What is a pitchbook?

Michael Ahrens
5 Minutes
Graduate icon 06 September 2022

A pitchbook is a document put together by a bank to sell a particular product or service to their clients. There is no single set template for pitchbooks across the industry, they can vary greatly from bank to bank, and based on what the end purpose of the pitchbook is. For example for an IPO, a pitchbook may contain biographies of team members that would be working on the project, past IPO successes at the bank, and possibly proposals on how the process could play out. 


Pitchbooks are used in various scenarios, all of which involve persuading a client that your bank/firm is the best one to carry the business that is being pitched. As a result, pitchbooks are used by both sell and buy-side firms during the client acquisition process. 


Although the contents will vary based on the industry, type of deal, and the targeted clients, there are several components you can find in most pitchbooks. Similarly, most will follow a structure like this: 


Introduction - About the firm, specific team, and past experience 


This typically begins by talking about the firm as a whole, company performance over recent years, and any key points about themselves such as global footprint. Then it moves on to past deals completed by the group, e.g. Goldman Sachs Tech M&A, or Jefferies Automotive M&A, also providing details such as transaction sizes, date of completion, etc. Finally, the individual team members are introduced, along with a short list of previous deals they’ve worked on, both at their current bank and any previous ones as well. This all helps convince clients that your firm will be able to carry out the deal or transaction that is being pitched. 


Context - Industry specifics


After introducing the bank/firm, the pitchbook turns to more general industry facts and figures. This lays the groundwork and gives context to the clients' issues and how they can be solved by the company pitching to them. An example of something that could be included would be: recent industry trends, total market size, or recent regulations affecting the industry. Another aspect often included in this section is recent deals in the sector and information regarding them, giving the client a better idea of the deal space specific to their industry or sector.


From here, the contents will begin to vary based on what the purpose of the pitchbook is. 


  1. Sellside mandates focus on showing the potential client how they could be positioned to get the most out of a sale. Parties who are possibly interested in the deal would also typically be listed, alongside some sort of valuation model such as a discounted cash flow (DCF) analysis of the potential client.
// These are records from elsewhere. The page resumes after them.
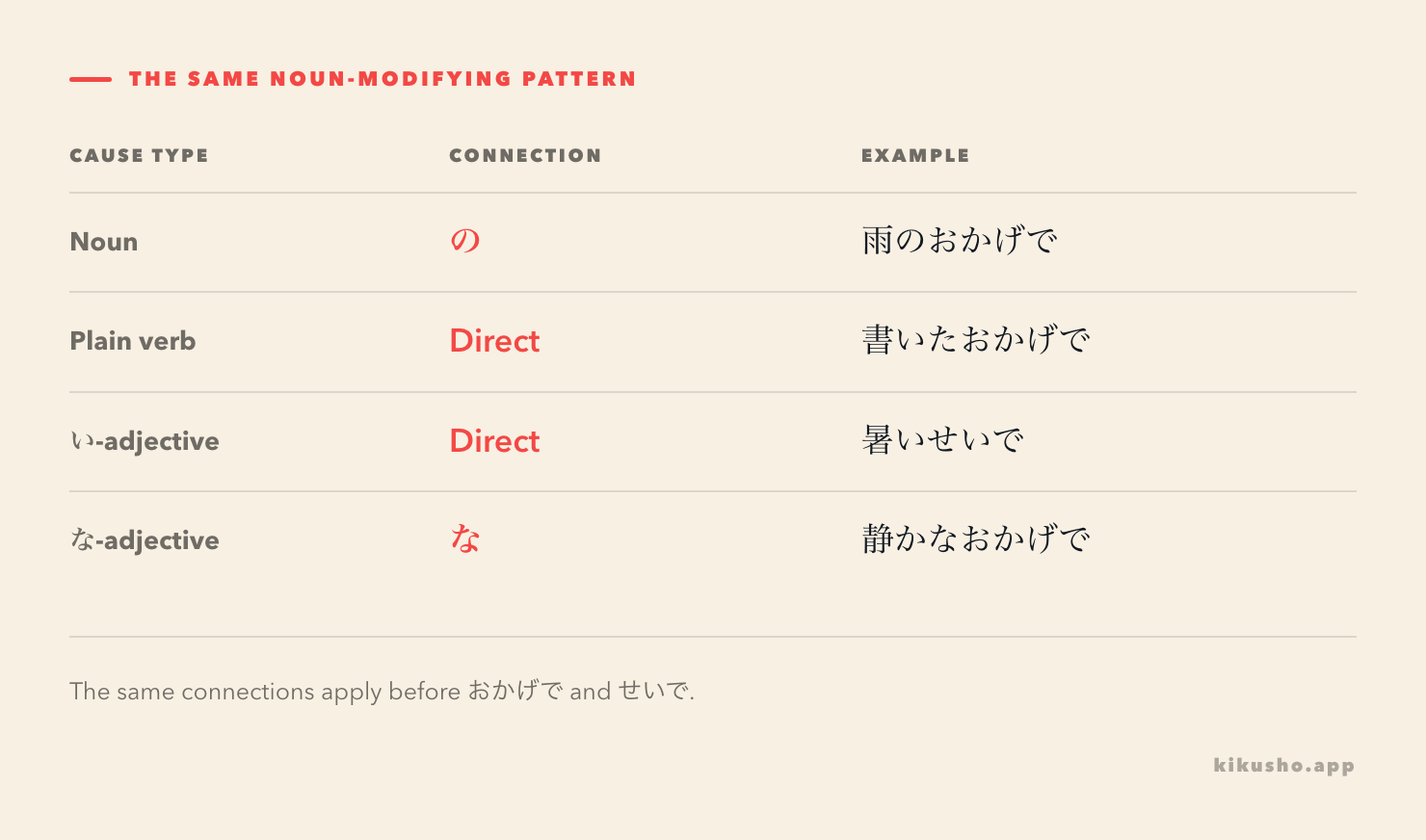 A four-row table shows noun plus の, plain verb directly, い-adjective directly and な-adjective plus な before おかげで or せいで.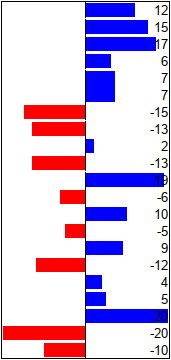 Data bars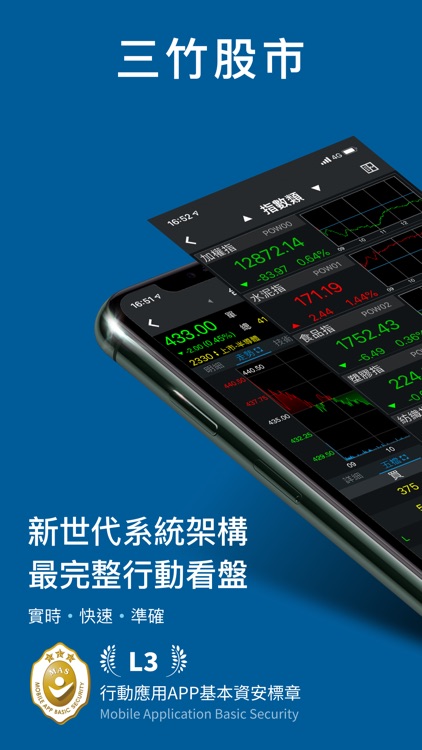 三竹股市 台股及多市場報價股市看盤與股票選股分析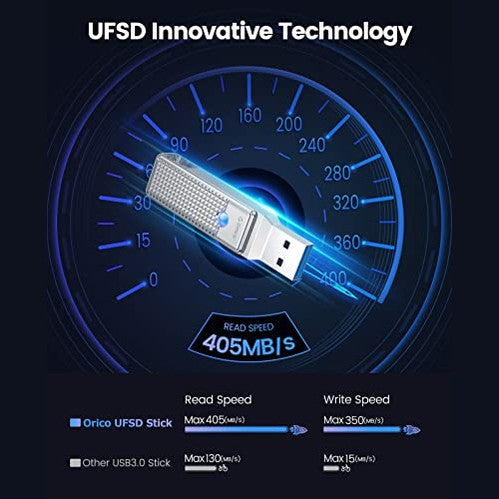 ORICO - 256 GB USB C Flash Drive, 2 in 1 External SSD, High Speed OTG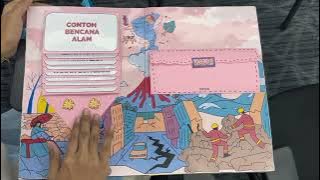 Poop Up Book || IPS || Bab 8: Bumiku Sayang, Bumiku Malang Topik A. Bumiku Berubah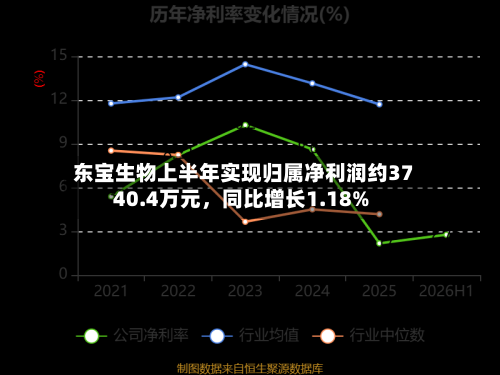 东宝生物上半年实现归属净利润约3740.4万元	，同比增长1.18%-第2张图片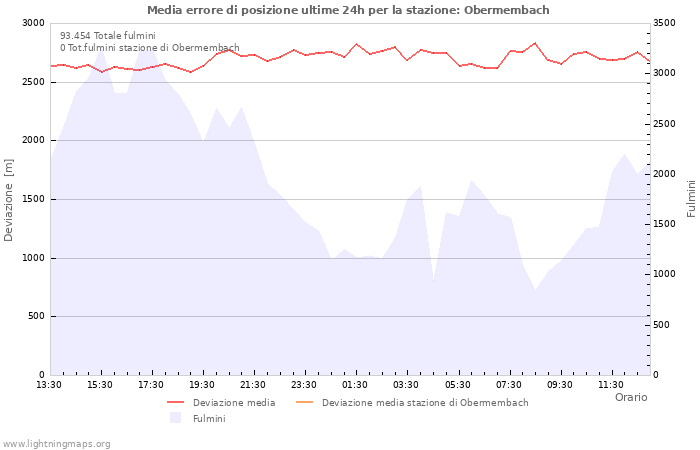 Grafico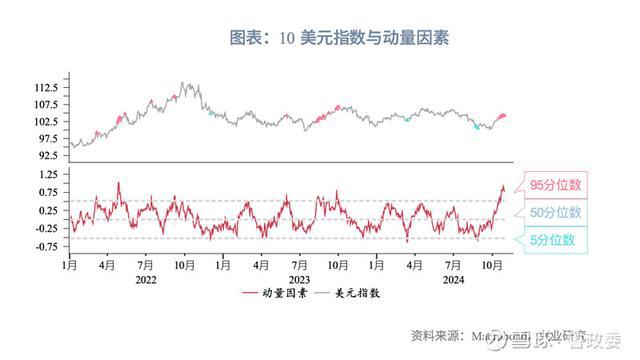 外匯商品｜美元多重超買待反轉(zhuǎn)2024年11月G7匯率前瞻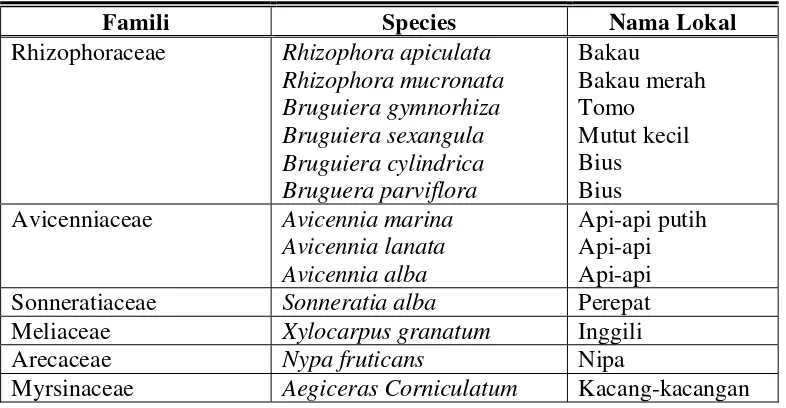 Tabel 19. Taksonomi mangrove 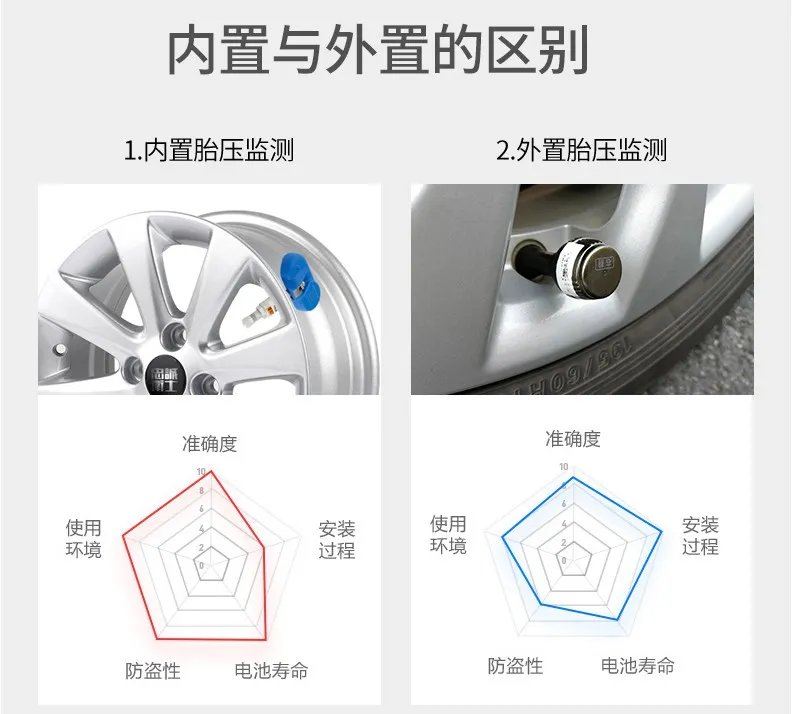 内置外置区别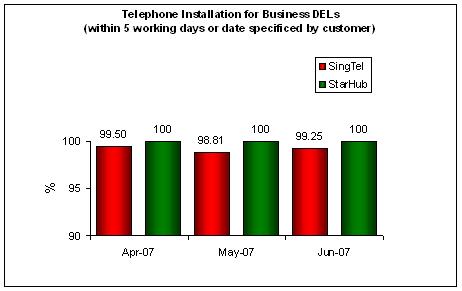 Telephone Installation for Business DELs (within 5 working days or date specified by customer)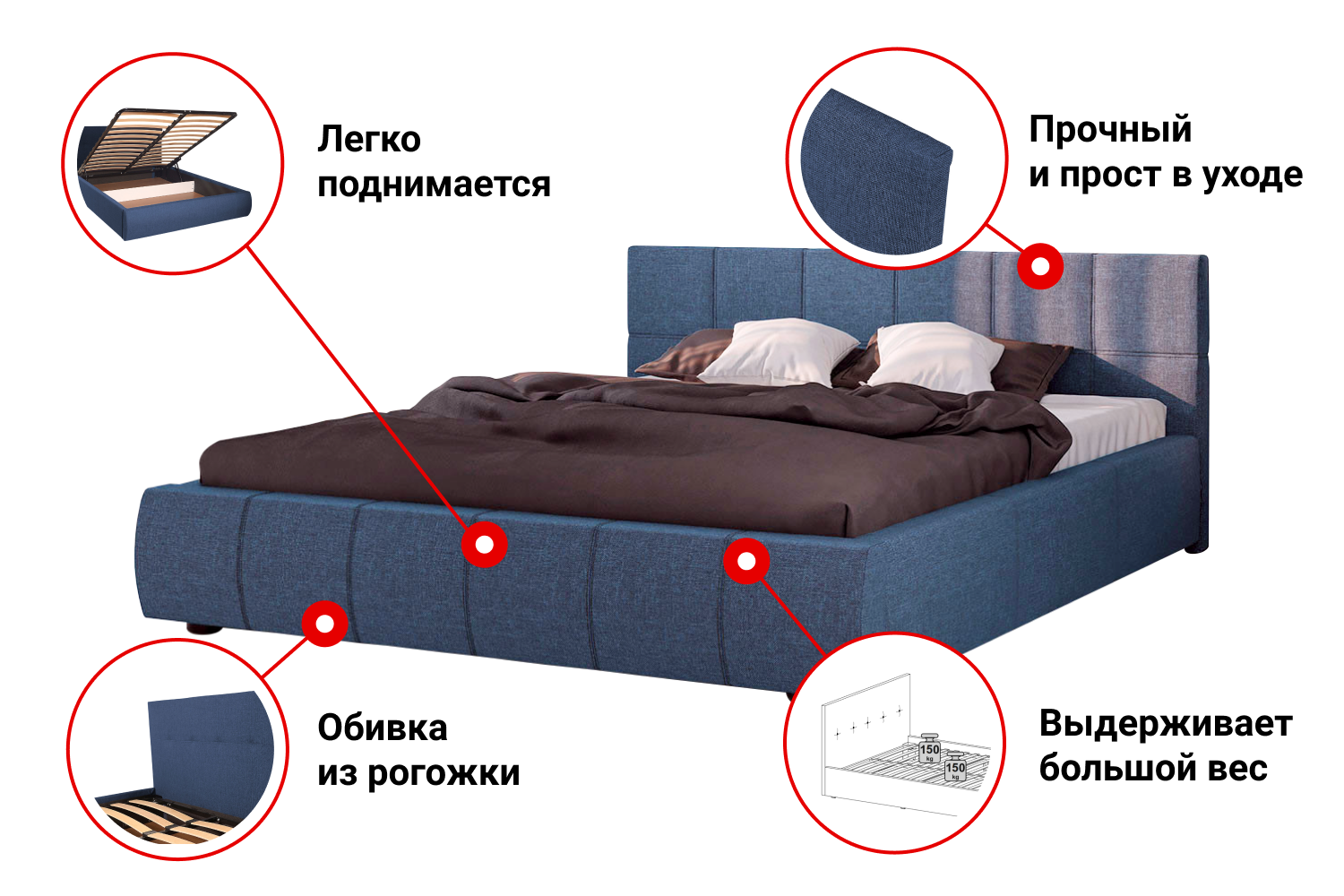 

Кровать с подъёмным механизмом Mila, Mila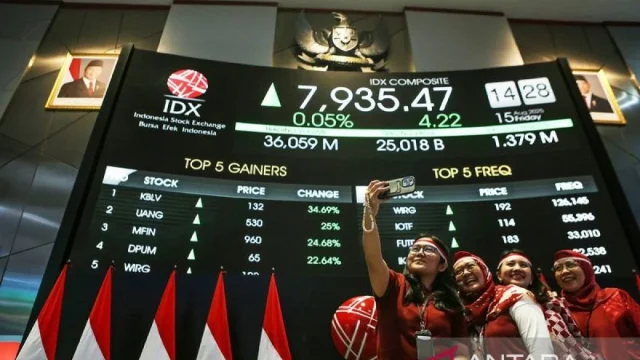 IHSG Menguat Setelah Pidato Prabowo tentang RAPBN 2027, Investor Mulai Optimistis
Sellside mandates are usually closed out with a summary of the book, along with recommendations moving forward which tend to be more generic.


  1. Buyside mandates are similar to their sell-side counterparts, with some notable differences. Firstly any valuations of the potential client are done to assess how large of a stock offering would be needed to finance a purchase, Instead of detailing how the company can be positioned to sell better the focus is on what type of transaction is most beneficial for the client, and rather than listing potential buyers, you will list potential targets to be acquired. Companies meet with many teams of bankers at a time so one of the most crucial aspects of a successful buy-side pitchbook is some originality.


  1. Financing mandates are the final type of pitchbook you may encounter. These detail how a company could go about raising equity or debt. These have no company profiles as there are no other parties involved in being acquired or doing the acquiring, and rather than a standard valuation as is found in the buy and sell-side mandates there will be a financing model included which will give the potential clients an idea of proceeds and how the move could affect the companies valuation.


To summarise, pitchbooks are a tool used by investment banks to persuade a client to use their bank for whatever service is being pitched. Although the layouts will vary most pitchbooks of similar nature follow similar layouts and will all have a mixture of market overviews, technical analysis, biographical sections, and opinions of the bank. Pitchbooks are versatile and important tools that allow banks to market themselves to potential clients and win business, without them many deals would be conducted by whoever could quote the lowest commission, quickest turnover time, or simply the more prestigious bank without taking into account a myriad of other equally important factors.